Practical Implications:

  1. For Co-operative Societies: Eligible societies can benefit from lower tax rates, which may improve cash flow and profitability. However, they must carefully evaluate whether they can consistently meet the conditions to avoid losing the benefit.
  2. Compliance Burden: Societies opting for this regime must ensure they meet the conditions every year. Failure to do so will result in the loss of the tax benefit and require recalculation of taxes under the normal provisions of the Income Tax Act.
  3. Impact on Loss Utilization: Societies cannot carry forward or set off losses or depreciation attributable to disallowed deductions, which may affect long-term tax planning.

Critical Concepts:

  1. Total Income Computation: The total income is calculated without certain deductions (e.g., under Chapter VIII, except Section 146) and without setting off losses or depreciation from earlier years if they relate to disallowed deductions.
  2. Irrevocable Option: Once the option is exercised, it applies to all future years unless the conditions are not met, in which case the option becomes invalid.
  3. Interaction with Other Provisions: This section overrides other provisions of the Income Tax Act, except those specified in Part A, B, and this Part (excluding Section 203).

Compliance Steps:

  1. Exercise the Option: The society must exercise the option before the due date for filing the first return of income for the relevant tax year.
  2. Maintain Conditions: Ensure all conditions specified in Column B of the table are met every year to retain the benefit.
  3. Documentation: Maintain records to demonstrate compliance with the conditions and eligibility for the reduced tax rate.
  4. Recompute Taxes if Conditions Fail: If the conditions are not met in any year, recompute taxes under the normal provisions of the Income Tax Act for that year and all subsequent years.

Example:

A co-operative society engaged in manufacturing textiles opts for the reduced tax rate under this section in its first year of operation.
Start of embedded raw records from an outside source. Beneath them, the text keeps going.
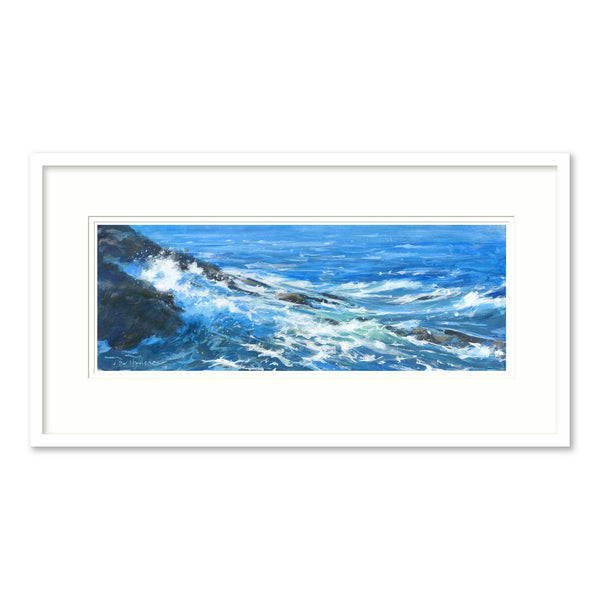 Framed Print-BART124F - Blue wash, rocks at the point 2-Whistlefish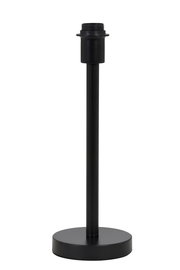 Schwarzer Lampenfuß aus Metall, zylindrische Form, frontal fotografiert.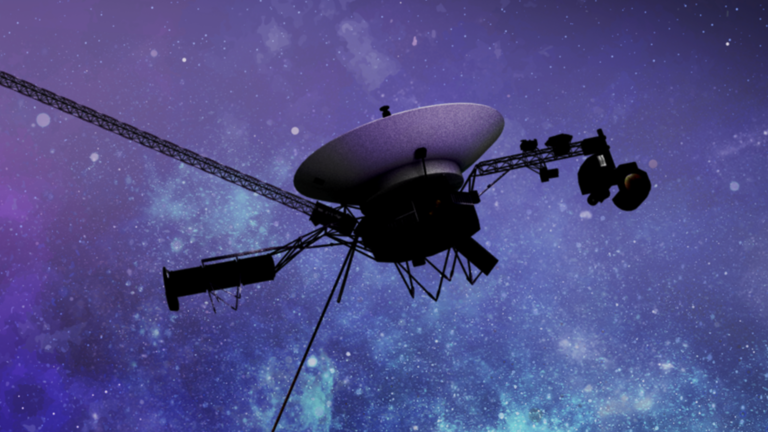 An illustration shows Voyager 1 in interstellar space.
It meets all conditions in the first two years and benefits from the lower tax rate. In the third year, it fails to meet one of the conditions (e.g., minimum production threshold). As a result:

  • The option becomes invalid for the third year and all subsequent years.
  • The society must recompute its taxes for the third year and future years under the normal provisions of the Income Tax Act.
  • Losses or depreciation attributable to disallowed deductions cannot be carried forward or set off in future years.